Congress has recognized that sometimes this power can be abused by managers who retaliate if they don't like something that employee has said or done.
This week, the US Supreme Court will hear oral arguments in two cases examining how, when – or even if – employees can fight back against such abuses of power. On Tuesday, the high court will examine whether a US postal worker can claim retaliation in a lawsuit under the Age Discrimination in Employment Act because she says her supervisor refused to let her return to her old job because he didn't like her personally. Instead, he hired a younger, less experienced worker.
On Wednesday, the justices will hear the case of a former assistant manager at a Cracker Barrel restaurant who alleges he was fired in retaliation for his repeated complaints about racial prejudice by his supervisor.

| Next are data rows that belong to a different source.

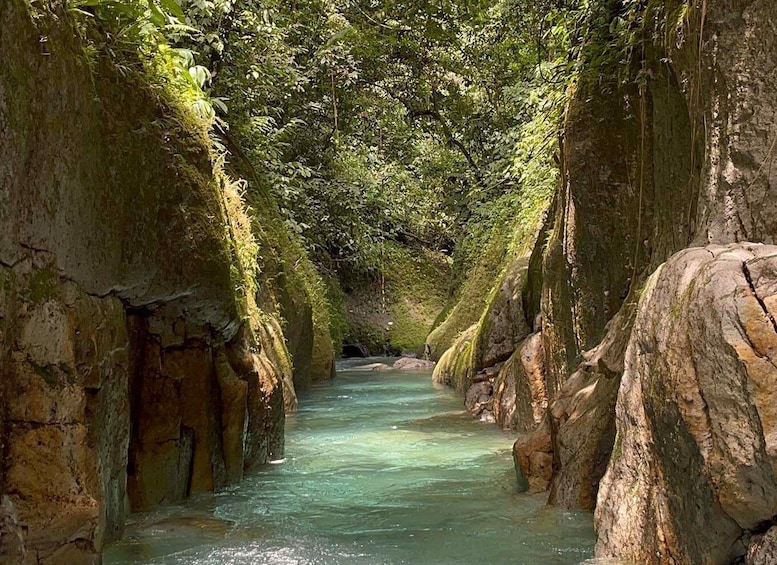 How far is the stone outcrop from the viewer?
3342 mm

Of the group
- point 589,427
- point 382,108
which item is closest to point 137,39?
point 589,427

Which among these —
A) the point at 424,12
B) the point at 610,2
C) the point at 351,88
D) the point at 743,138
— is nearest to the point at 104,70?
the point at 424,12

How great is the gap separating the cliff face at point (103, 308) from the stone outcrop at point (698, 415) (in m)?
2.89

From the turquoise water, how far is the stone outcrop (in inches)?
27.6

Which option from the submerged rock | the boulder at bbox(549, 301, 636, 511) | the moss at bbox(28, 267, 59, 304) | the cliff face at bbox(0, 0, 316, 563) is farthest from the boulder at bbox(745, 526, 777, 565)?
the submerged rock

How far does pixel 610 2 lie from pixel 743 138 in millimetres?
Answer: 2914

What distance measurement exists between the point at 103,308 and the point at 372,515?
248 centimetres

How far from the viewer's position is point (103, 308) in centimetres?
495

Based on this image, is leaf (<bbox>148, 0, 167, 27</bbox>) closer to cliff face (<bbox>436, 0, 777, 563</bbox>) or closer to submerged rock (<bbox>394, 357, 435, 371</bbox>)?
cliff face (<bbox>436, 0, 777, 563</bbox>)

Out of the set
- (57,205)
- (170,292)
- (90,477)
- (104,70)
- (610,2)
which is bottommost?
(90,477)

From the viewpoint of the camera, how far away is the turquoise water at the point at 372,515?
4.87 m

In both cases the laws cited do not explicitly authorize legal action in response to an act of retaliation. Lawyers for the employees say retaliation is a particularly virulent form of illegal discrimination and thus falls within the scope of the US's civil rights laws even when those laws don't specifically mention retaliation.
Lawyers for companies and supervisors counter that if Congress wanted to authorize lawsuits to punish acts of retaliation, it would have written it into each statute.
In 2005, the high court ruled 5-4 that a girl's high school basketball coach could sue the school board for allegedly retaliating against him after he complained his female players were not receiving equal access to sports equipment and facilities.
He sued under Title IX, which bars gender discrimination in education. Title IX does not specifically mention a cause of action for retaliation, but the majority justices found that retaliation was a form of discrimination outlawed under the statute.
The decision was written by Justice Sandra Day O'Connor. She has since retired, and it is unclear how newer members of the court, Chief Justice John Roberts and Justice Samuel Alito will view the issue.
Legal analysts say they are watching these cases to see how broadly or narrowly the high court reads the statutes.
Will the majority justices insist that unless Congress has included the specific word "retaliation" in the statute, the law does not provide a cause of action against retaliation? Or will the Supreme Court embrace a more prophylactic approach against discrimination and let employees use the force of law to counter workplace retaliation even when it is not spelled out in the statute?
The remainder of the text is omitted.